UNITED STATES DISTRICT COURT CENTRAL DISTRICT OF CALIFORNIA


January 6, 2012

STEPHEN J. CHOMA, PETITIONER,
v.
M. MULLINS, RESPONDENT.

The opinion of the court was delivered by: Dale S. Fischer United States District Judge

ORDER SUMMARILY DISMISSING PETITION FOR WRIT OF HABEAS CORPUS

On December 28, 2011, Stephen J. Choma ("Petitioner"), a prisoner in state custody proceeding pro se, filed a petition for writ of habeas corpus pursuant to 28 U.S.C. § 2254 ("Petition").*fn1

RELEVANT PROCEDURAL HISTORY

October 16, 2009, Petitioner pleaded no contest to possession of a controlled substance, in violation of California Health & Safety Code § 1137(a). On December 1, 2010, he was sentenced to three years in state prison. (Petition at 2.)

Petitioner filed an appeal in the California Court of Appeal, which was denied on March 9, 2011. (Petition at 2-3.) Petitioner did not file a petition for review in the California Supreme Court. (Petition at 3.)

Petitioner filed a habeas petition in the Los Angeles County Superior Court, which was denied on October 19, 2011. (Petition at 4.)

On November 23, 2011, Petitioner filed a habeas petition in the California Court of Appeal, which is still pending. (Petition at 4.)

Petitioner acknowledges that he has not filed a habeas petition or otherwise sought relief in the California Supreme Court. (Petition at 8.)

DISCUSSION

I. Duty to Screen

This Court has a duty to screen habeas corpus petitions. See Rules Governing § 2254 Cases in the United States District Courts, Rule 4 Advisory Committee Notes.
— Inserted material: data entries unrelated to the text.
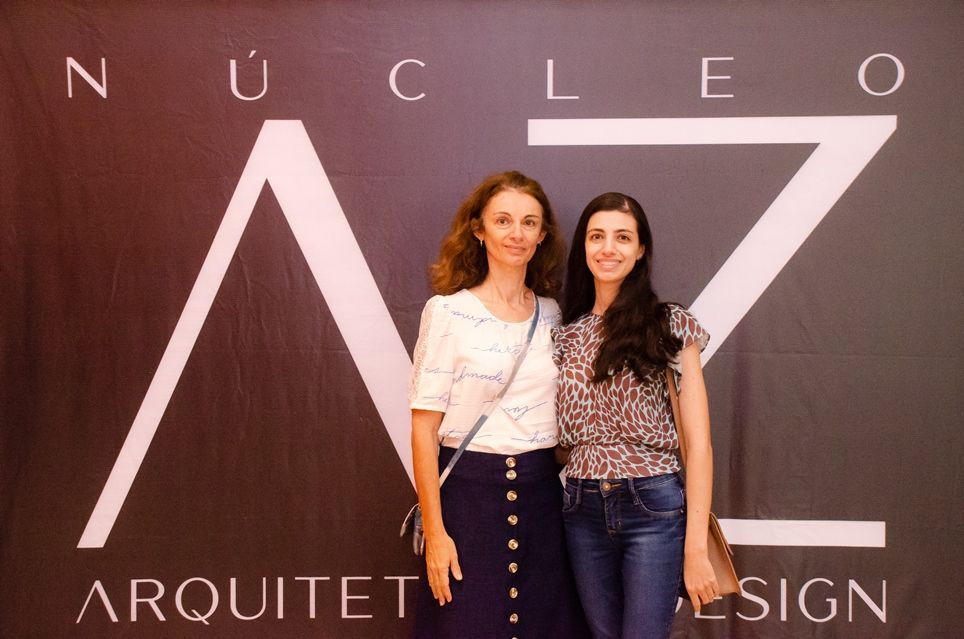 Duas mulheres posam para uma foto em frente a uma placa que diz nucleo
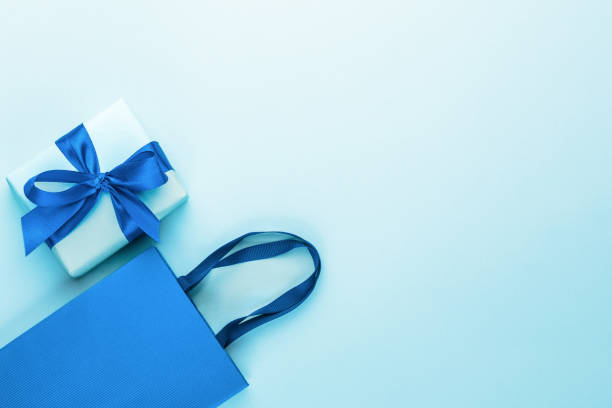 istock Blue gift box with blue ribbon and bow and blue craft bag.Greeting card. 2201479726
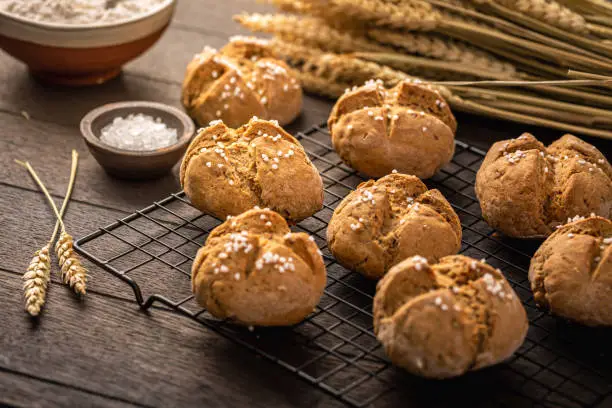 Homemade spelt bread rolls with salt on wooden background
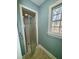 Bathroom includes a glass shower door, tile flooring, and a window at 1809 Waddill Way, Henderson, NC 27536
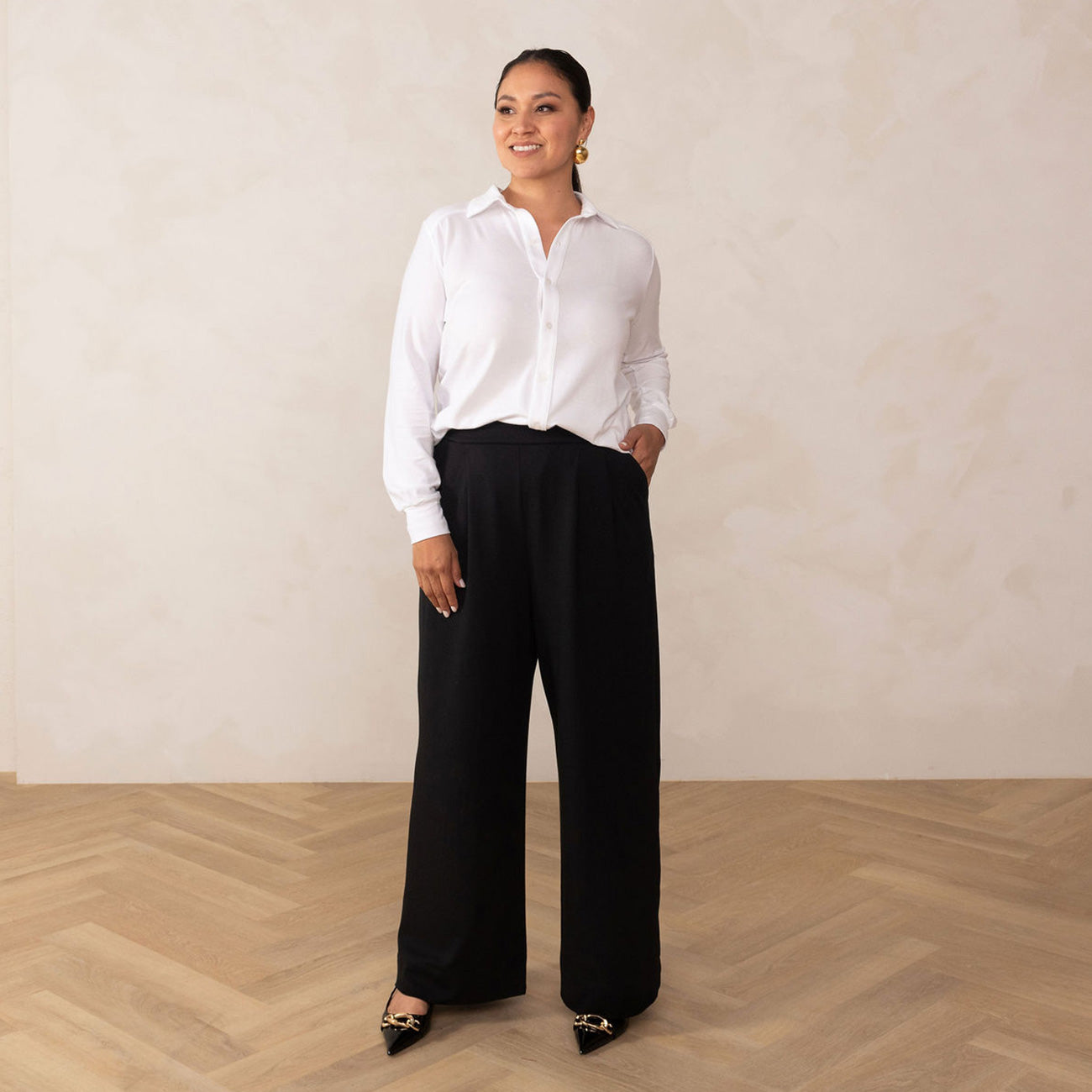 woman wearing a white button-up shirt paired with a black high waisted wide leg pant and black heels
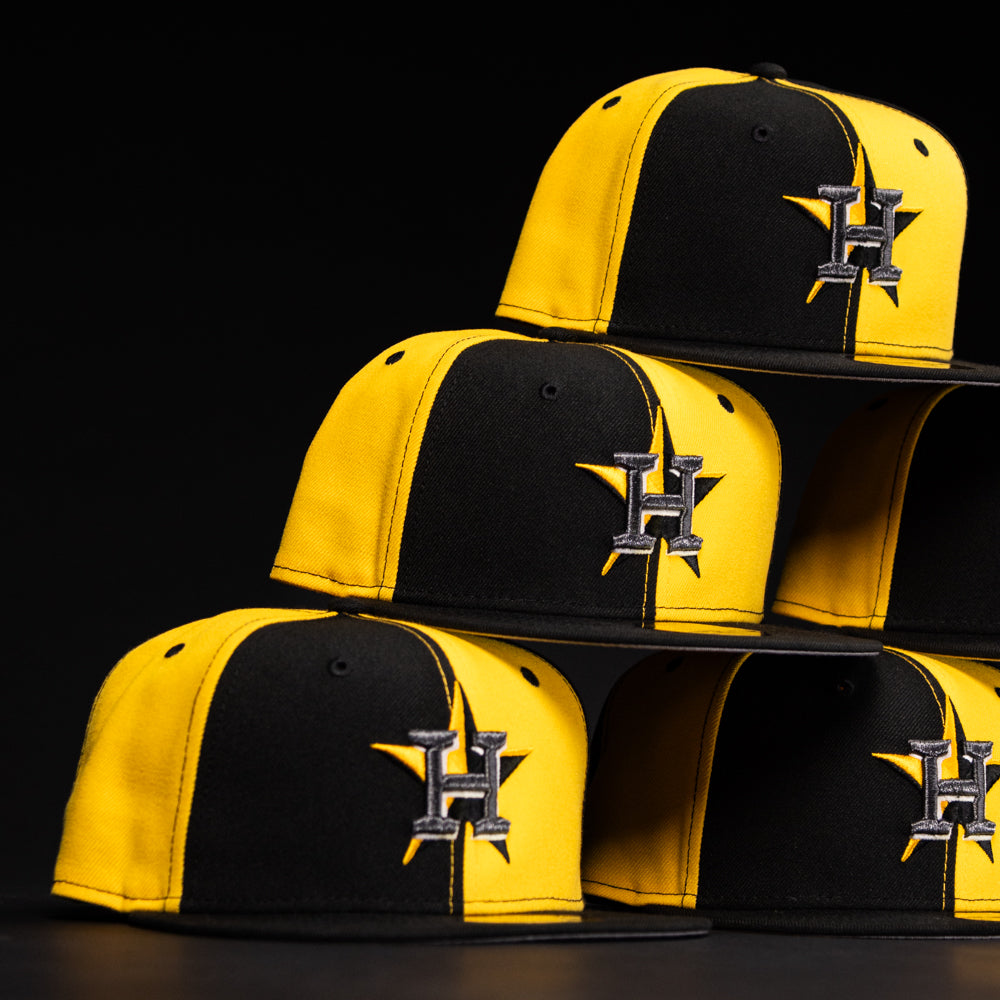 Four Hazmat Rushmore Gold Black Pinwheel Houston Astros New Era Hat 5950 Fitted caps, featuring a stylized H logo, are stacked atop each other against a black background.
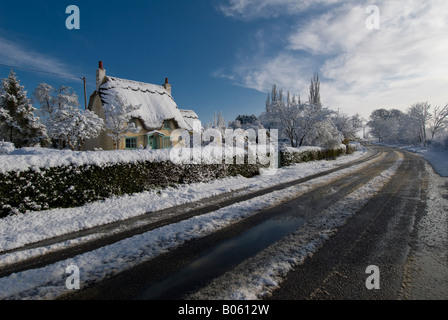 Eine strohgedeckte Hütte auf einem verschneiten Sonnentag, Warwickshire, England, UK. Stockfoto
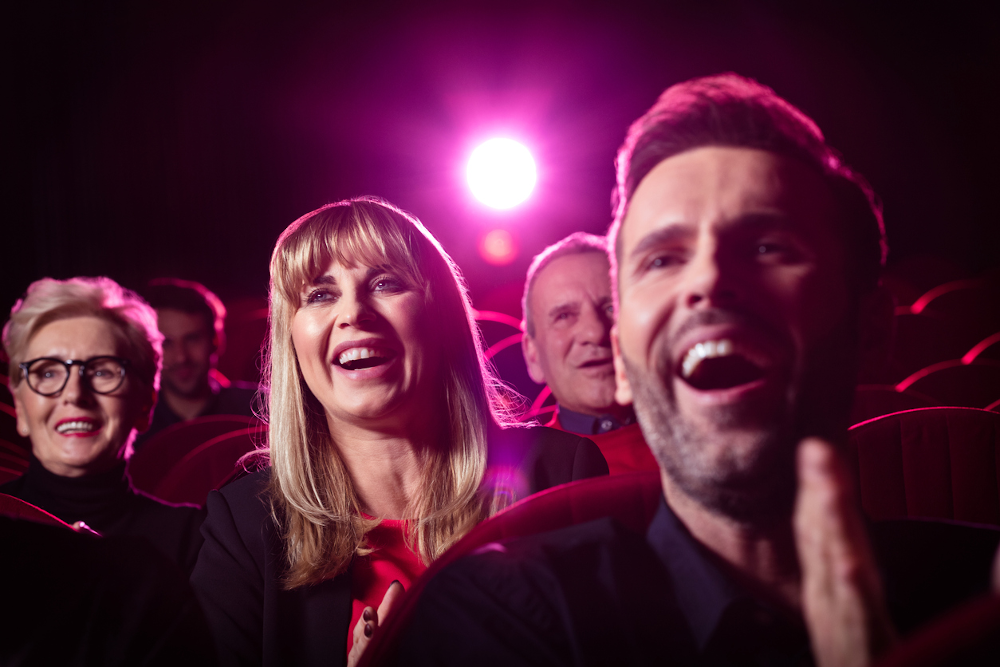 Close-up of audience in cinema laughing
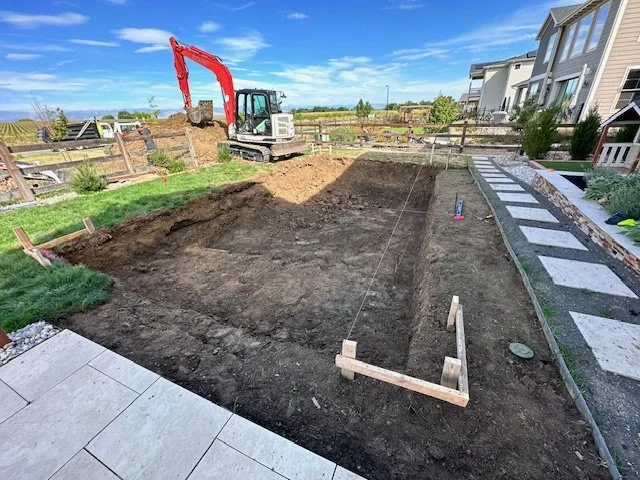 A backyard in a residential area with a large empty garden bed, construction equipment, and a row of townhouses on the right.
Rule 4 requires a district court to examine a habeas corpus petition, and "[i]f it plainly appears from the face of the petition and any attached exhibits that the petitioner is not entitled to relief in the district court, the judge must dismiss the petition . . . ." Id.; see also Local Rule 72-3.2.

II. Fully Unexhausted Petition

As a matter of comity, a federal court will not grant habeas relief to a petitioner held in state custody unless he has exhausted the available state judicial remedies on every ground presented in the petition. 28 U.S.C. § 2254(b)(1)(A); see also Rose v. Lundy, 455 U.S. 509, 518-22 (1982). "[T]he exhaustion doctrine is designed to give the state courts a full and fair opportunity to resolve federal constitutional claims before those claims are presented to the federal courts . . . ." O'Sullivan v. Boerckel, 526 U.S. 838, 845 (1999).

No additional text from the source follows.